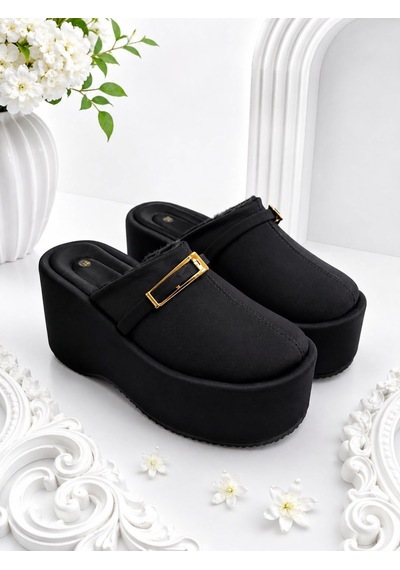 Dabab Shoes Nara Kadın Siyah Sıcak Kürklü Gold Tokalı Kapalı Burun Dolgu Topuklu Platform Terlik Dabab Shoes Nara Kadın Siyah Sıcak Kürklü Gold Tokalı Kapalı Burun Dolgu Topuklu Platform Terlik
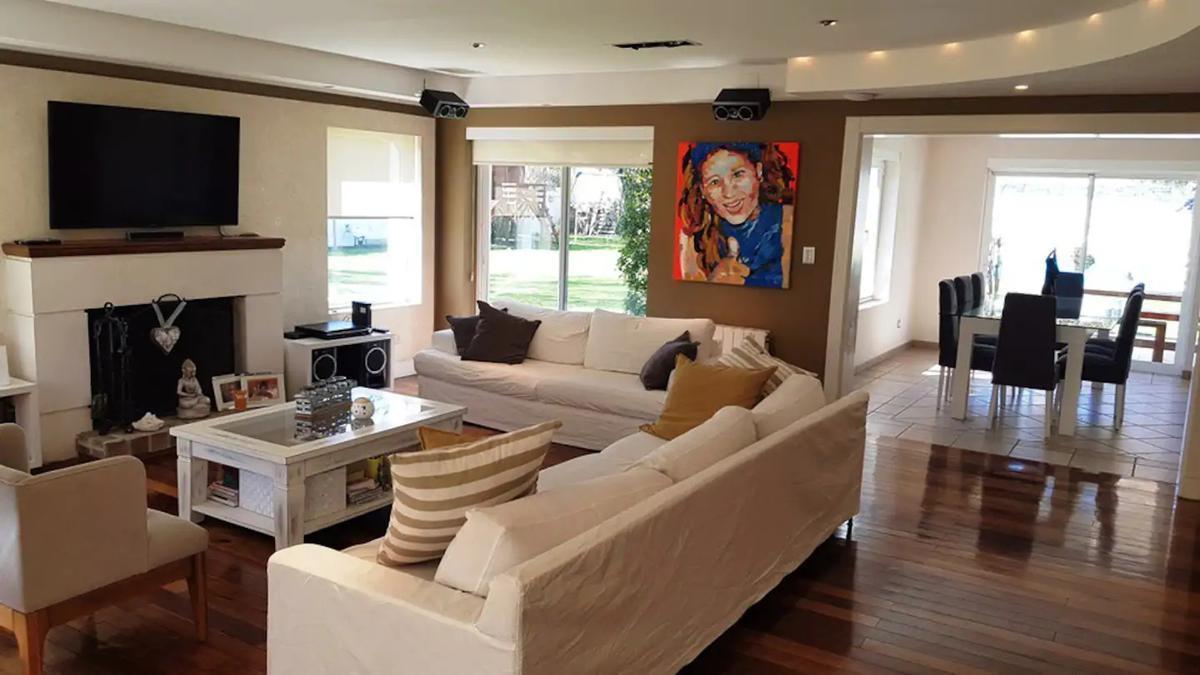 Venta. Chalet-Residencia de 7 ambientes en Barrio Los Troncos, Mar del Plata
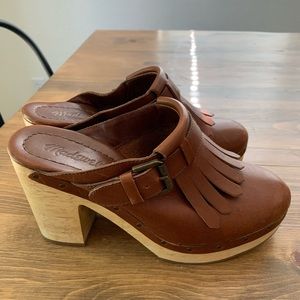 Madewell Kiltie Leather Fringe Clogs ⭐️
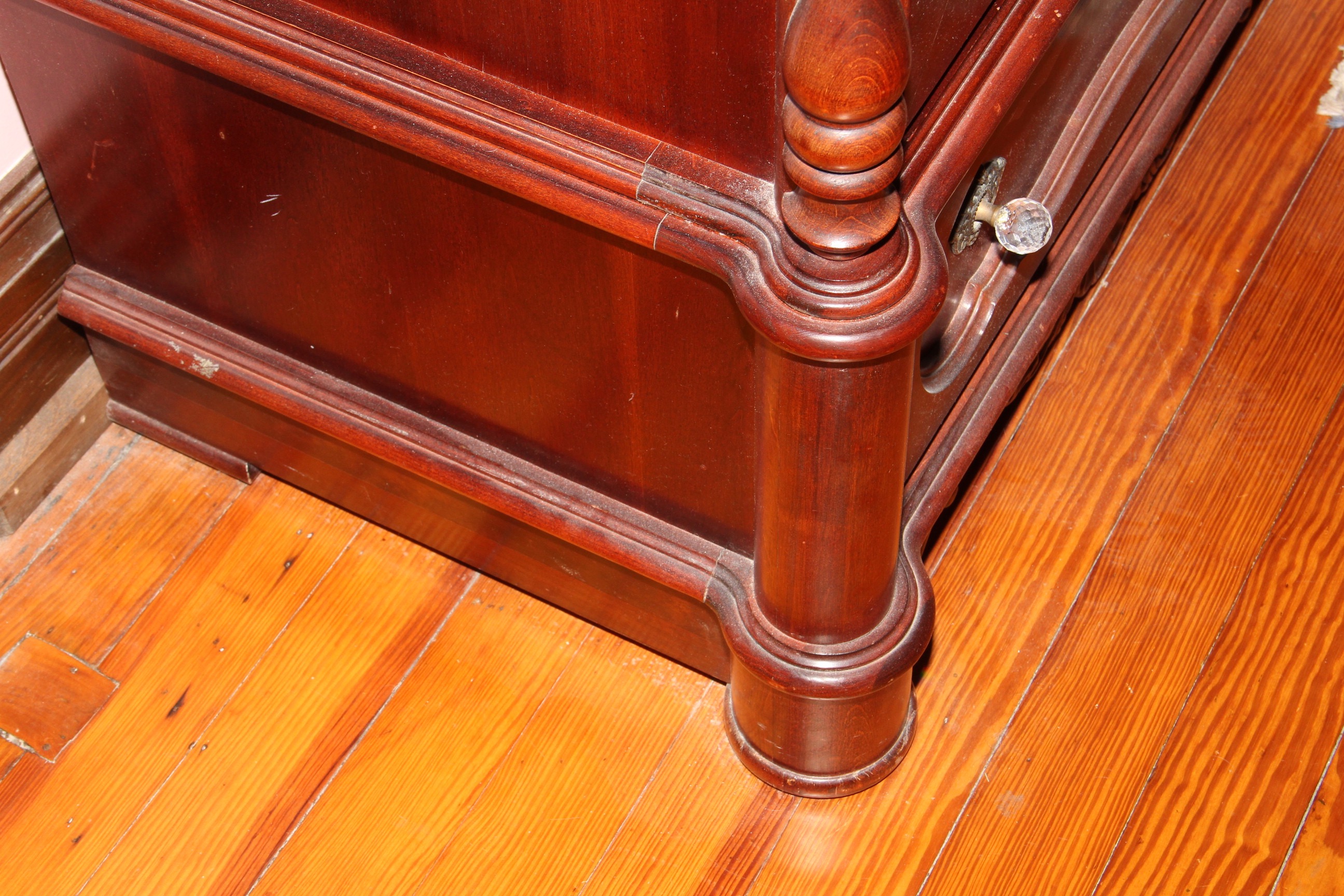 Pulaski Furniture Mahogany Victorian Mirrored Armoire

...

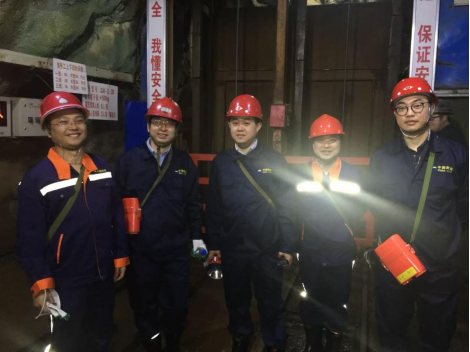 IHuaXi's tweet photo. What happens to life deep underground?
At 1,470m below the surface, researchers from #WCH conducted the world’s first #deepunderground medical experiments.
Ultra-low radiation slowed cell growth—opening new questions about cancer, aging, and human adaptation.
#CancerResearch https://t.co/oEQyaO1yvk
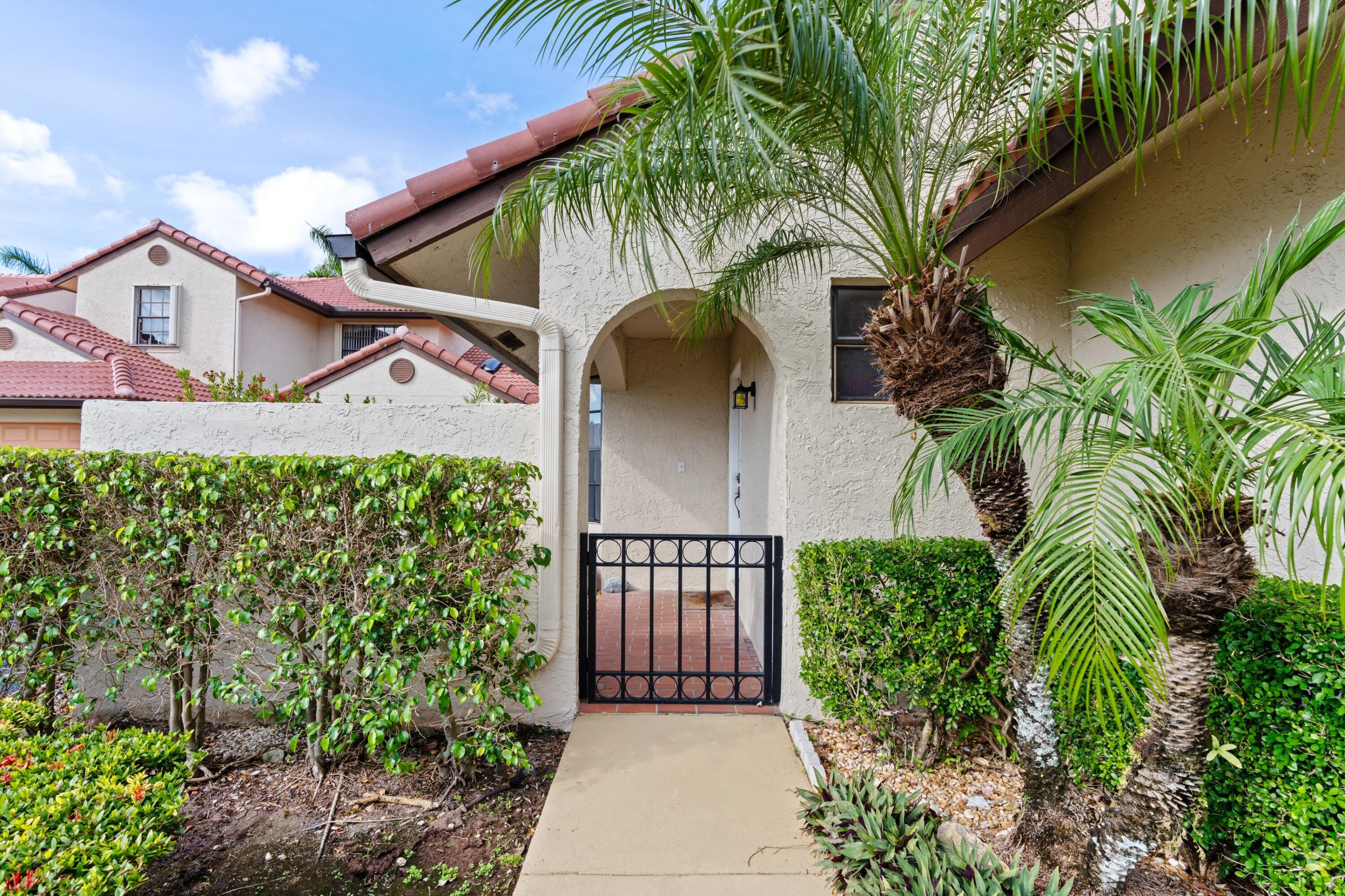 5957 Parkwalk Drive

---

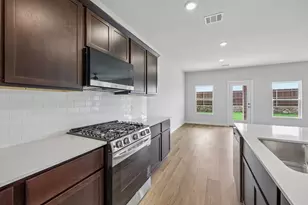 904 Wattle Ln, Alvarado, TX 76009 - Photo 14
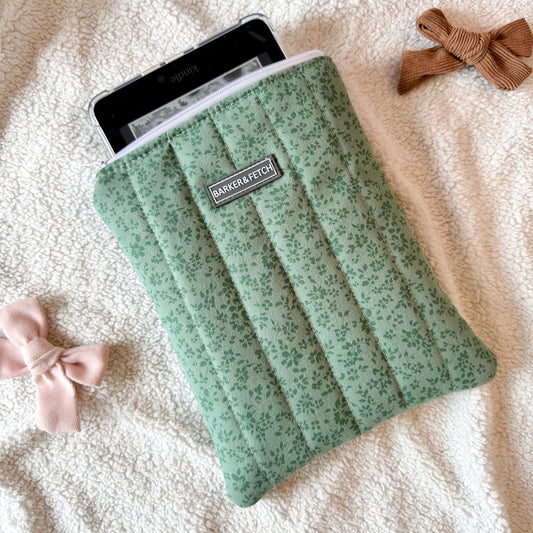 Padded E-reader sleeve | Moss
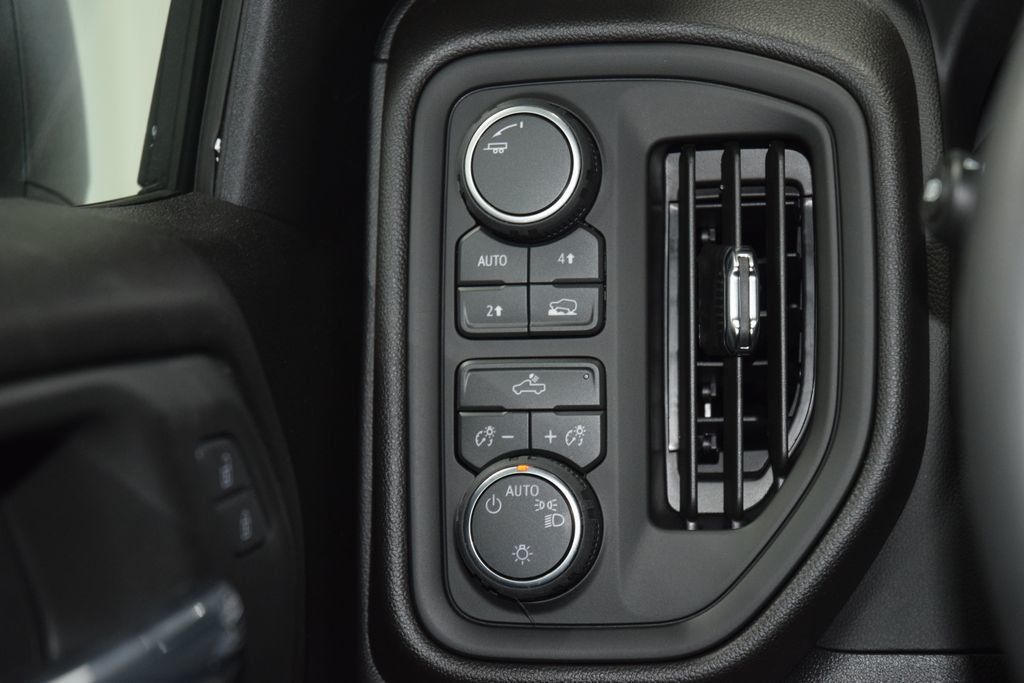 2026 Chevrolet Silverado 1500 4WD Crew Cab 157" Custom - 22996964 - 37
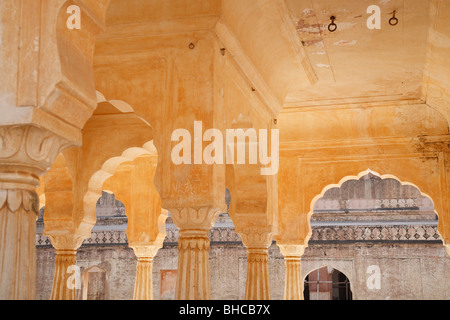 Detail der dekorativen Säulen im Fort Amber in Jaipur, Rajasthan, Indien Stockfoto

_Your objective_.
Above are some records; extract exactly the lines from the one containing "Platform Terlik Dabab" through the one containing "Pulaski Furniture Mahogany" and drop the pictures.

_Completed exercise_.
 Dabab Shoes Nara Kadın Siyah Sıcak Kürklü Gold Tokalı Kapalı Burun Dolgu Topuklu Platform Terlik Dabab Shoes Nara Kadın Siyah Sıcak Kürklü Gold Tokalı Kapalı Burun Dolgu Topuklu Platform Terlik
 Venta. Chalet-Residencia de 7 ambientes en Barrio Los Troncos, Mar del Plata
 Madewell Kiltie Leather Fringe Clogs ⭐️
 Pulaski Furniture Mahogany Victorian Mirrored Armoire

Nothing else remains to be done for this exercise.